34. 【東の辺境】スッキリした!
「また消えてしまったか……」
ホワイト達が参加したこともあり、防衛戦は圧勝で終わった。
しかし例の魔物生産施設は、やはりいつの間にか消えて無くなってしまっていた。
防壁の上に戻って来た辺境伯は難しい顔をして魔物達がやってきた方向を見つめていた。
「いえ、ちゃんと追えてます」
「何!?」
なんとホワイトは消えたはずの魔物生産施設の動向を今も把握していた。
「魔法で隠蔽してるみたいですね」
「なるほど、戦いのどさくさに紛れて魔法で隠れたのか。だが戦いの後は看破の魔法をかけて潜んでいる魔物が残っていないか確認しているぞ?何故見つからなかったんだ」
魔物の中には自らの姿を隠してこっそりと相手を狙うタイプのものがいる。
戦いが終わった後に、そういった隠れるタイプの魔物がまだ残っていて、安心したところで不意を突かれて殺されるなんて話が昔はよくあったそうだ。そのため、防衛戦後も気を抜かずに徹底して安全確保をすることが厳しくルールで定められていた。

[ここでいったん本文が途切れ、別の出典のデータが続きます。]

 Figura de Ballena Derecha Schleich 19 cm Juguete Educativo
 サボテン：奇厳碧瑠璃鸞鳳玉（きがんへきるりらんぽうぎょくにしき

しかしそれでも見つからない魔物がいると言われれば、今後の防衛方法にも関わってくる重大な話だ。辺境伯はこれまで以上に真剣な顔になりホワイトに説明を求めた。
「う~ん、それは多分、この隠蔽魔法が少し特殊だからじゃないかな」
「特殊?」
「私も初めて見るケースだけど、暴走している魔力と普通の魔力が合わさった特殊な魔力を使って隠蔽しているっぽい。だから普通の看破魔法だと見つからなかったんだと思う」
「なんだそれは!?」
暴走する魔力を使うという時点でこれまでにないことなのに、それを普通の魔力と合わせるなど意味が分からない。ホワイトも同じ気持ちなのだが、実際にそうなっているのだから仕方ない。

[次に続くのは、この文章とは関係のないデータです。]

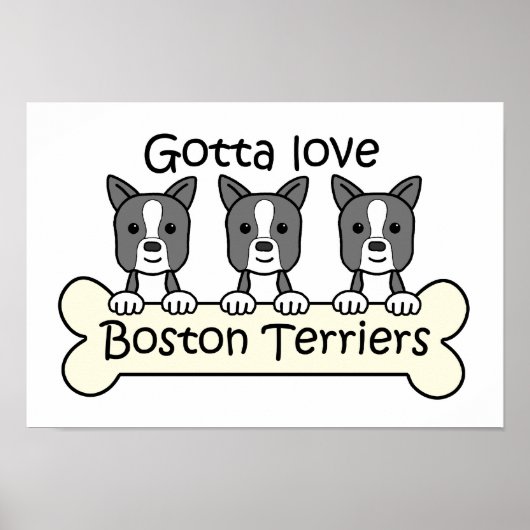 Three Boston Terriers ポスター (正面)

どうしてホワイトが隠蔽している対象を追えているのかと言うと、隠蔽される前に遠くから自分の魔力を打ち込み、対象の魔力にこっそり混ぜたからだ。対象の魔力は見えないが、自分の魔力は感じ取れるため、それを追っている。
「とりあえず拠点に帰るまでは様子を見ようと思います」
「そうだな」
今すぐに対象のいる場所へと向かって撃破するのはたやすいが、隠れて移動しているということは何かしらの拠点があるのかもしれない。他にも似たような魔物がいる可能性を考えると、ここで一網打尽にしておくべきだ。
スープ辺境伯もホワイトの考えに同意してくれた。
しかし。
「ウロウロしてるだけですね……」
一日経っても対象は荒野の中をうろつくだけで、決まった方向へ向かって移動しようとしない。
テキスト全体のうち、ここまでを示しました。